In each of these days, I will allocate around 6 hours for the subject matter. Additionally, I will allocate 2 hours for college studies, for the 5 classes I'm taking this semester.
Opinions? How far will I reach in each of the fields if I keep up this routine for, let's say, 10 years? And I have literally 0 social life(by design) so I can concentrate on making myself a better human being.
You sound young. Watch your passions fall away one by one until eventually you'll be lucky if you have any left. Just give it time. The one will reveal itself to you at some point in the future.
Julian Long
No "These aren't actually your passions" comments please. I'm not asking if they are my passions or not, but rather if the path I'm taking to follow them is right.
James Collins
If it was possible to keep this routine for 10 years you would be an expert in all of them.

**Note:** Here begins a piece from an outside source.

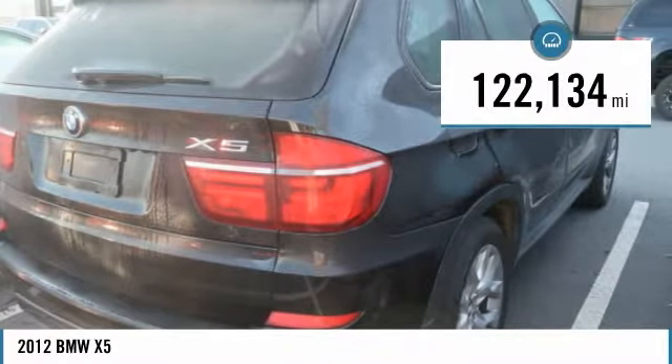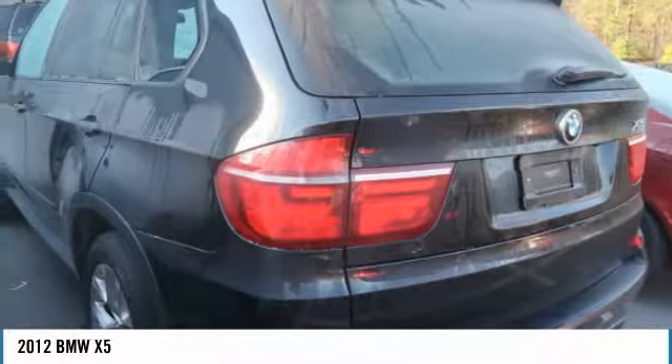This vehicle has less than 125,000 miles. Here are some of this vehicle's great options.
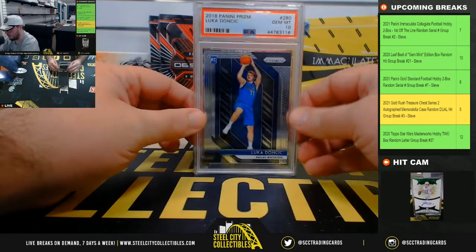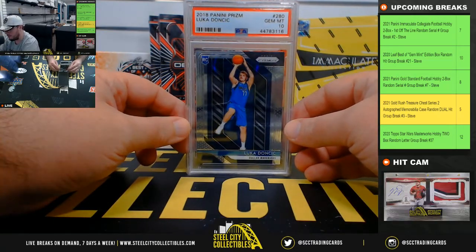Beautiful card here — 2018 Panini Prism Luka Doncic, PSA 10.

But it's not. Energy and motivation is a very limited and valuable asset. If you're like most of us, and not a freak genius with infinite motivation supply, you need to learn more about your potential interests and find one you like a lot.
It's hard to tell, but it sounds like you like computer science the most. People in your position usually claim to like econ/history/political science/fiction just because they're pretentious and fell for that kind of meme, and physics and math for the same reason. Do you know anything about these topics? Where are you right now in your life? Tell us more and I'll try to help.
Matthew Evans
okay no, ignore my previous post , you're a retard burn yourself out and kill yourself
Hunter Clark
You're better off picking one or two things and mastering them. Otherwise, you will just know a lot of stuff.
Tyler Williams
You're just too young to understand what people mean when they say things like that. It's not that they're not your actual passions. They are your actual passions, but only at the moment. You're also seemingly too young to understand that you cannot be an expert in all of these diverse areas, which was the second part of what I was trying to tell you.
Trying to explain things to younglings: not even once. Stubborn little gits the lot of them.
Thomas Morales
I'm in my 2nd year of college, majoring in physics with a poli. sci. minor. I have an unlimited supply of Adderall, I think that could help. I also have a personal library of ~150 books on all these topics which I've read, and IMO I'm the most well-read person I've met of my age.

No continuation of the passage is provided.